▸ **THE PROBLEM**
How many lines in the data below include the word "Wohnung"? State the number alone.

Records drawn from a dataset:
=======

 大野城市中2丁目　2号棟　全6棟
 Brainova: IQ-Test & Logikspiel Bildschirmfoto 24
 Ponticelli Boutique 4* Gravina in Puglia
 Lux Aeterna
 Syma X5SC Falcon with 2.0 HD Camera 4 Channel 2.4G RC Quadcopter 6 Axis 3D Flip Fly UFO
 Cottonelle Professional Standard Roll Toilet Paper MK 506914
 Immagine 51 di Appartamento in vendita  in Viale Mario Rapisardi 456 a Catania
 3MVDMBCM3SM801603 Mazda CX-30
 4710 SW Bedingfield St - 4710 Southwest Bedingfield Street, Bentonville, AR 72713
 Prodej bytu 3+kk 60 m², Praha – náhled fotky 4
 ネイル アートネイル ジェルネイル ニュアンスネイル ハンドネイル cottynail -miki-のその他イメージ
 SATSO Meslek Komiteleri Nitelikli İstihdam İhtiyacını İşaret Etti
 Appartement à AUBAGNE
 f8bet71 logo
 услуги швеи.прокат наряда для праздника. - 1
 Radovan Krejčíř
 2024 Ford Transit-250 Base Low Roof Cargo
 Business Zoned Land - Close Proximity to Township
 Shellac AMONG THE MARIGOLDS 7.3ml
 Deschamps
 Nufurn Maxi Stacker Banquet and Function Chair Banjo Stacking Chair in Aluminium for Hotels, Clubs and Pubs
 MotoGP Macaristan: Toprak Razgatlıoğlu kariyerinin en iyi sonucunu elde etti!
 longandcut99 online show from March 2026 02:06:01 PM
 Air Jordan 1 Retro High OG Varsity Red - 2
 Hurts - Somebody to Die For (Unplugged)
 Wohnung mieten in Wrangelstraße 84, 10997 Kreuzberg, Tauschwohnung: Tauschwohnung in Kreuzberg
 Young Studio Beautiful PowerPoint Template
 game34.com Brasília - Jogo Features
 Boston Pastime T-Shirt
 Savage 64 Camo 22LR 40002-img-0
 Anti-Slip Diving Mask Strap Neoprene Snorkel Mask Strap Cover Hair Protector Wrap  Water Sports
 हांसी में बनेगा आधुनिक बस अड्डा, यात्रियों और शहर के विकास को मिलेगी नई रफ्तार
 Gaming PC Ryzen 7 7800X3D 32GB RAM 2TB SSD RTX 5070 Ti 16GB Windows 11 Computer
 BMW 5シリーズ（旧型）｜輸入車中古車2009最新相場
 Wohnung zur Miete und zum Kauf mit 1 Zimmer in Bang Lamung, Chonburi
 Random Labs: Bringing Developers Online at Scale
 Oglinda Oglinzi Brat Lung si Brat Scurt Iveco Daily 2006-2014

=======

▸ **TASK ANSWER**
2